### Your goal
Beginning with the line where "Howard Hughes And Bette thumbnail 2" appears, set down each line exactly until the records below end, and omit the pictures.

### Source information
###

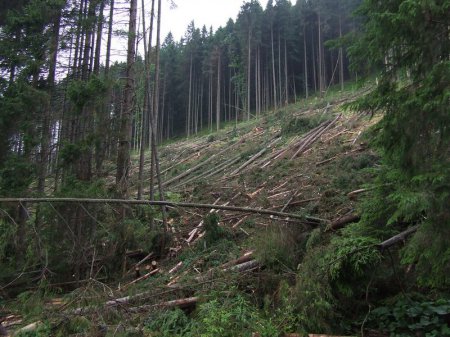 Вырубка лесов в Карпатах приобретает настоящие общенациональные масштабы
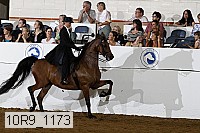 10r9_1173 thumbnail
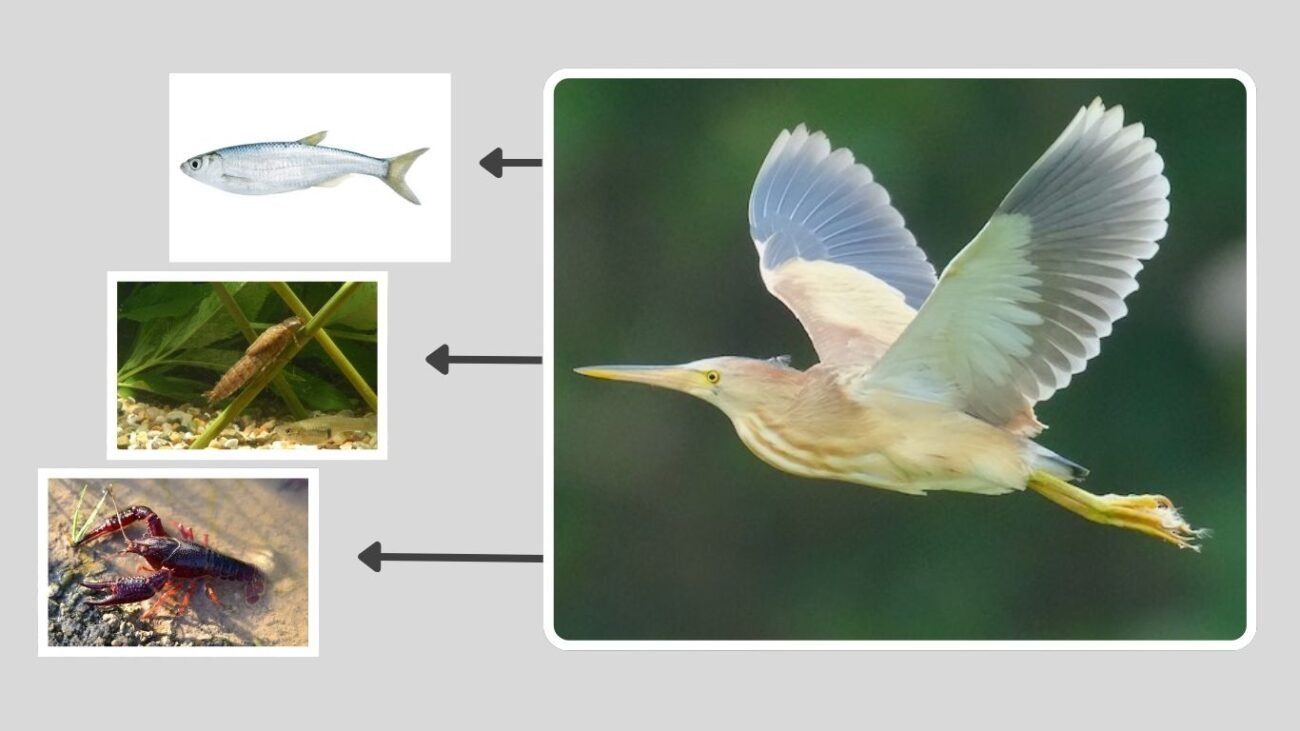Behavior and Flight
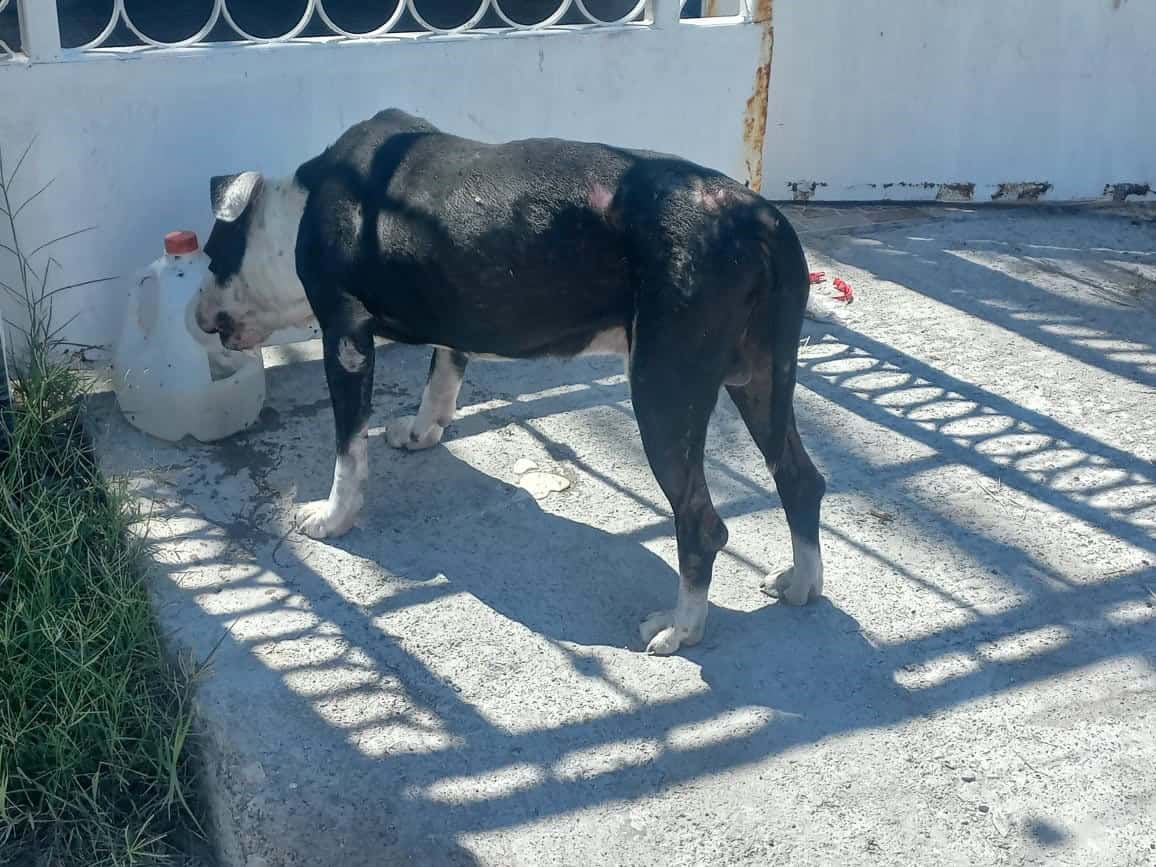 Rescatan a perro pitbull amarrado en Frontera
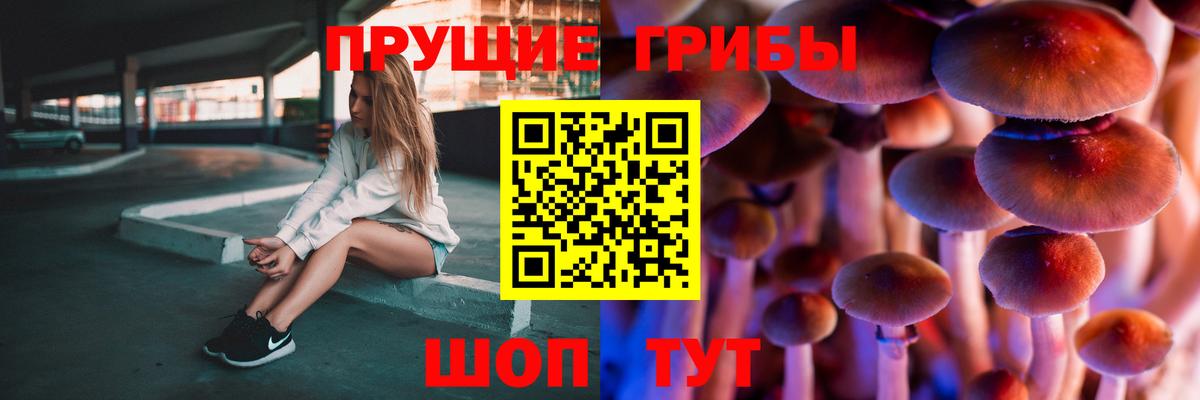 Кулебаки  Псилоцибиновые грибы Magic Shrooms  Вход с VPN 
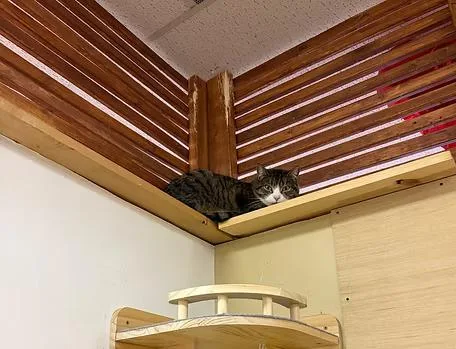 Howard Hughes And Bette thumbnail 2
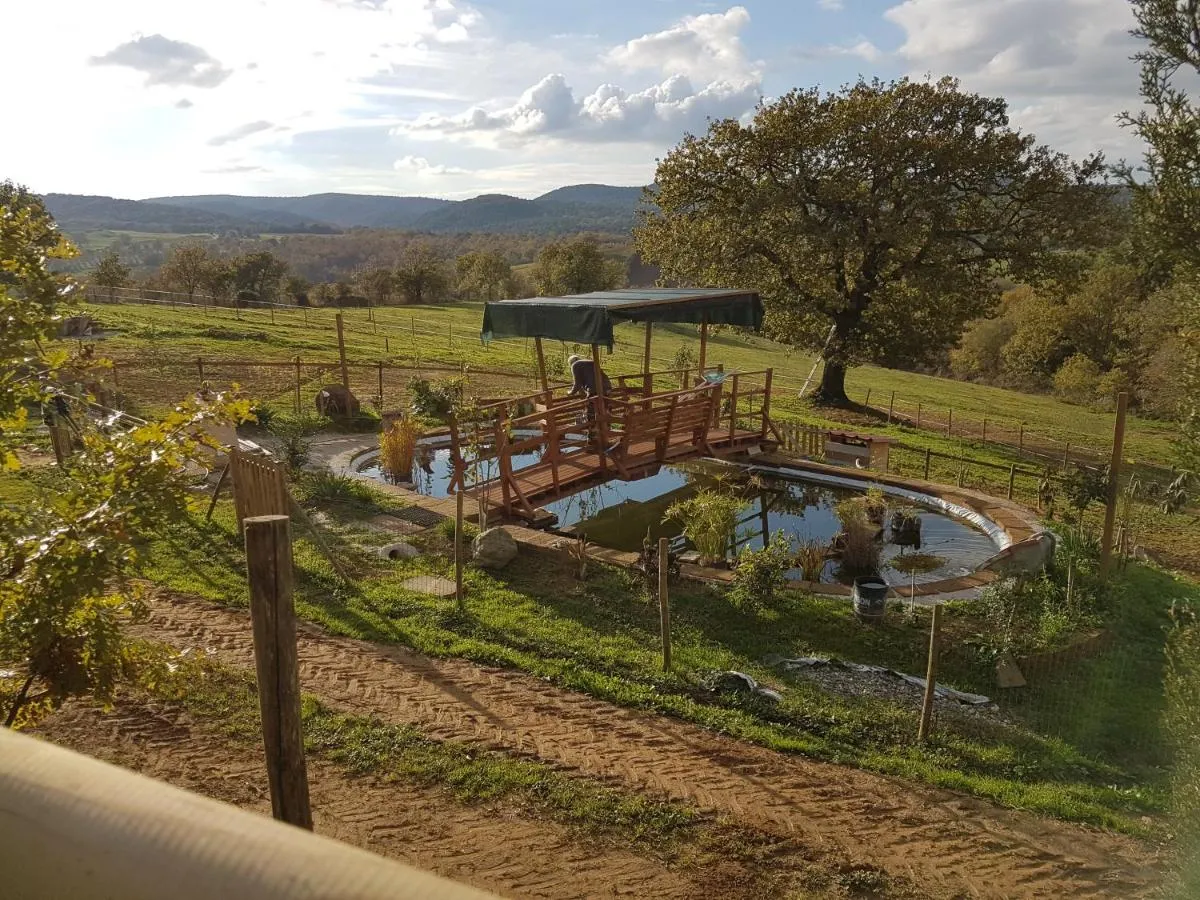 Image 6 of Agriturismo Collelungo di Maremma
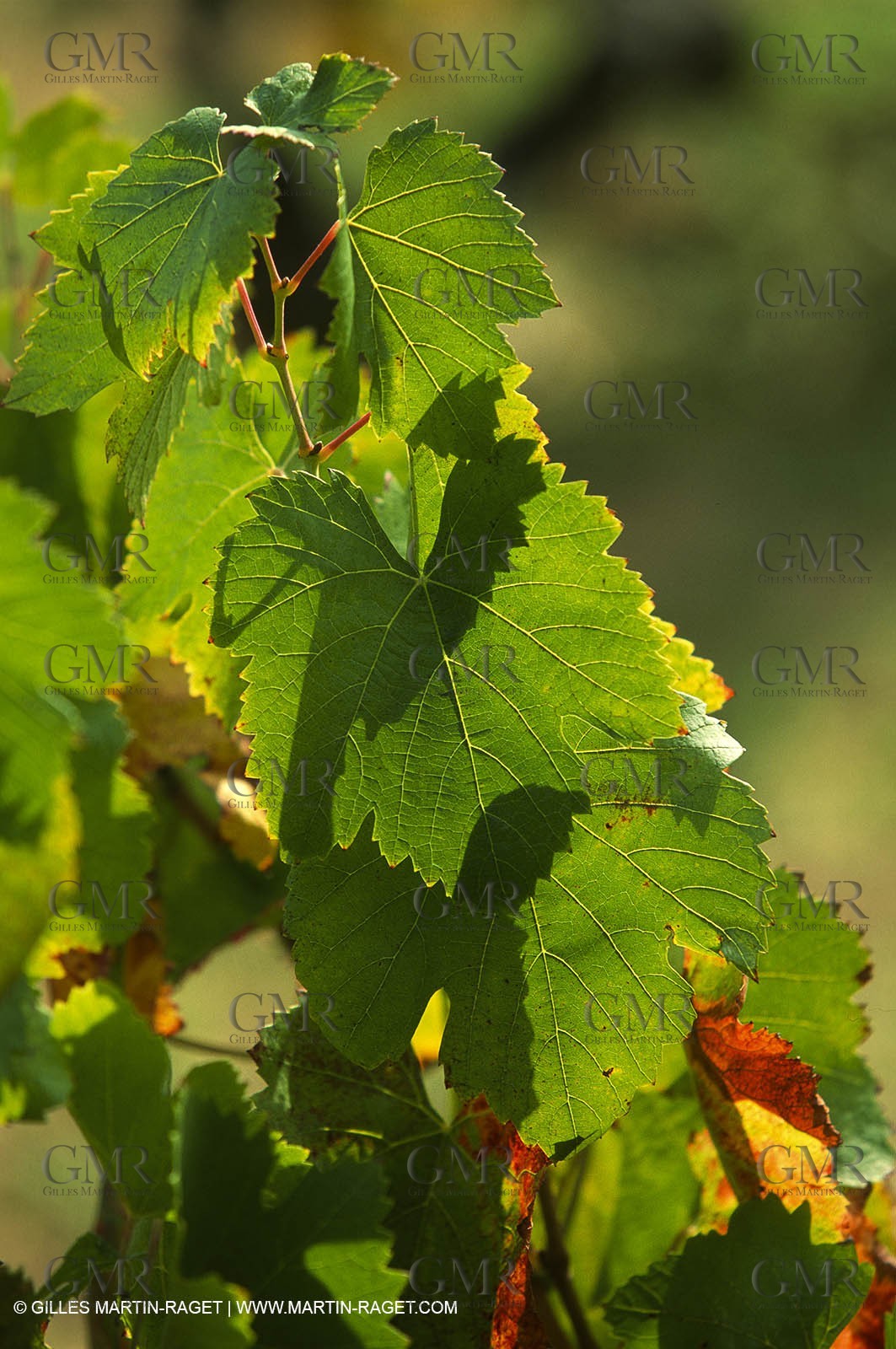 Provence, Harvest time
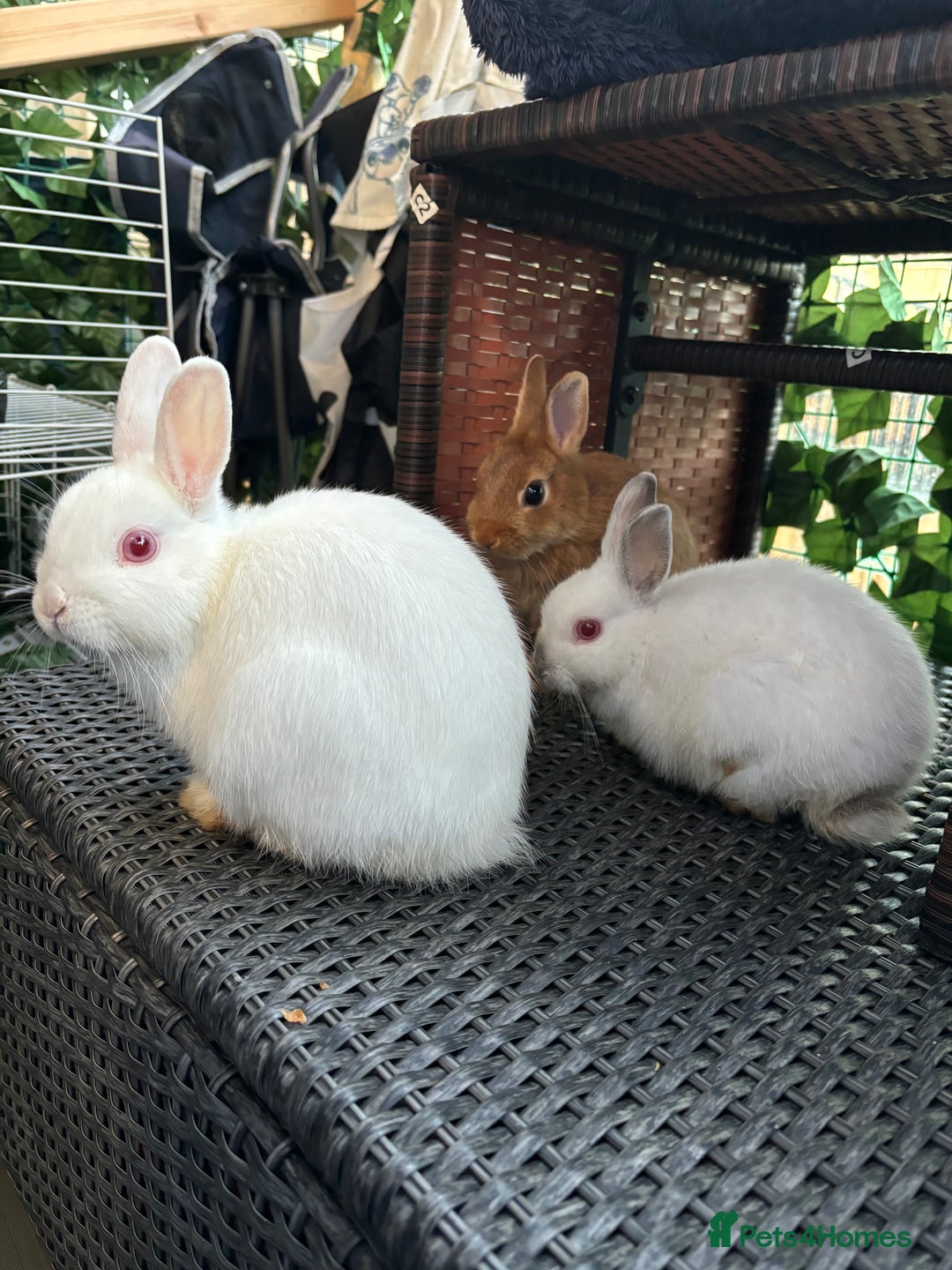 Netherland Dwarf rabbits for sale: Sheena  - Image 1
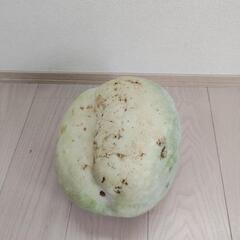無農薬栽培　とうがん　冬瓜の画像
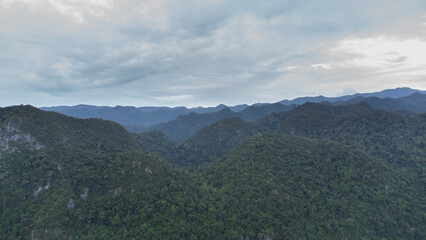 Fototapeta na wymiar High angle view tropical forest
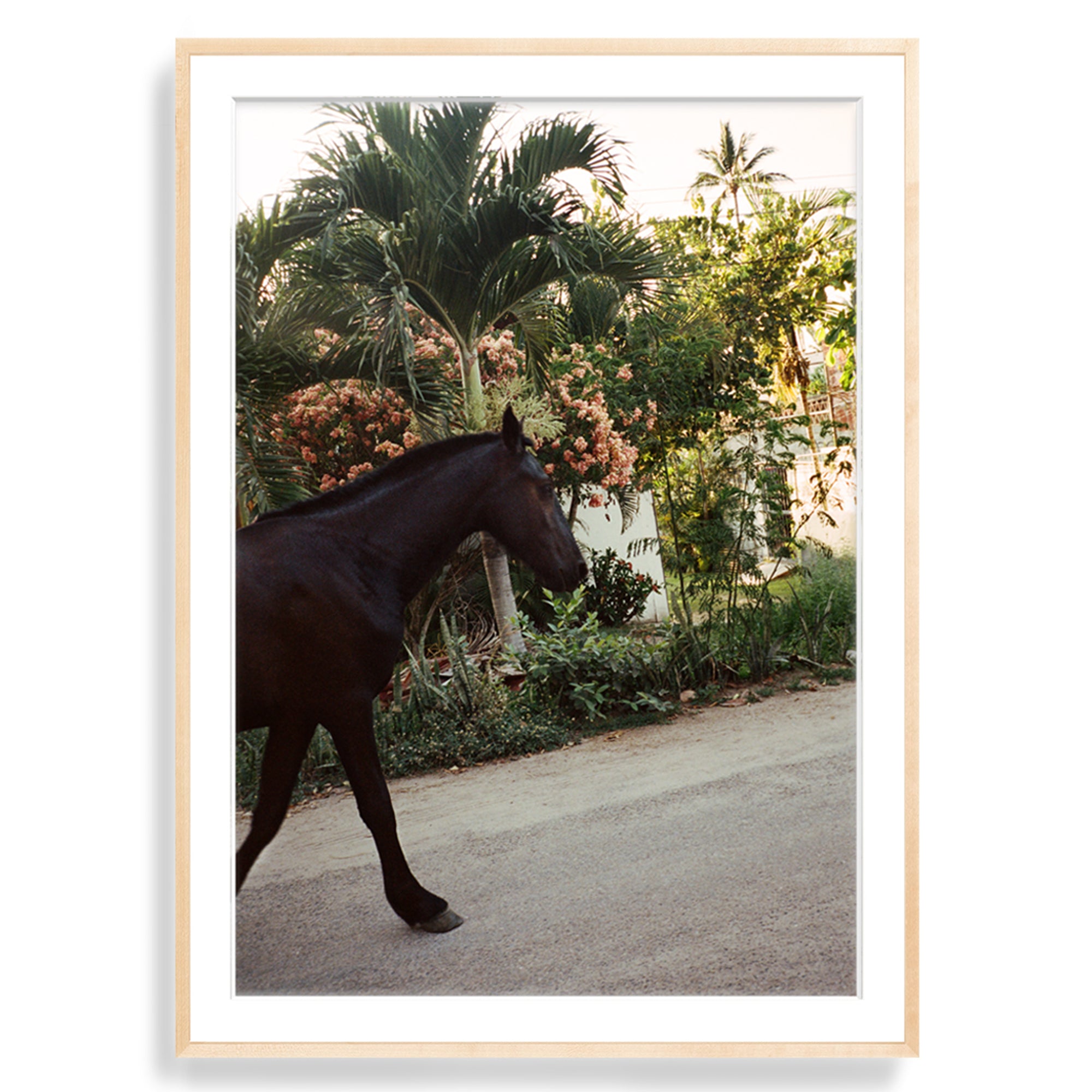 A Horse With No Name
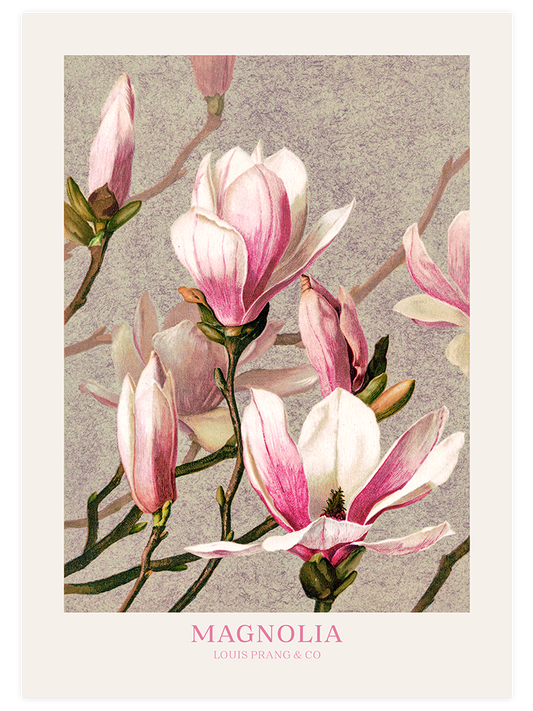 Magnolia Poster - Giclée Baskı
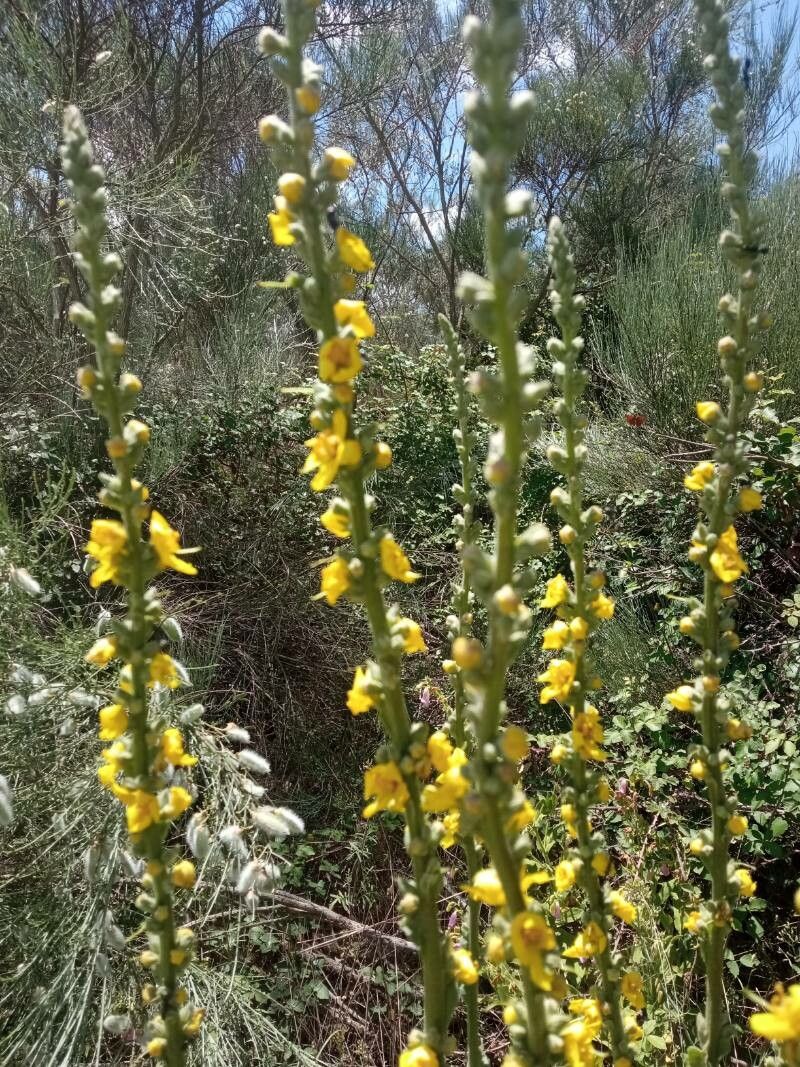 Verbascum niveum flower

###

### Exercise output
 Howard Hughes And Bette thumbnail 2
 Image 6 of Agriturismo Collelungo di Maremma
 Provence, Harvest time
 Netherland Dwarf rabbits for sale: Sheena  - Image 1
無農薬栽培　とうがん　冬瓜の画像
 Fototapeta na wymiar High angle view tropical forest
 A Horse With No Name
 Magnolia Poster - Giclée Baskı
 Verbascum niveum flower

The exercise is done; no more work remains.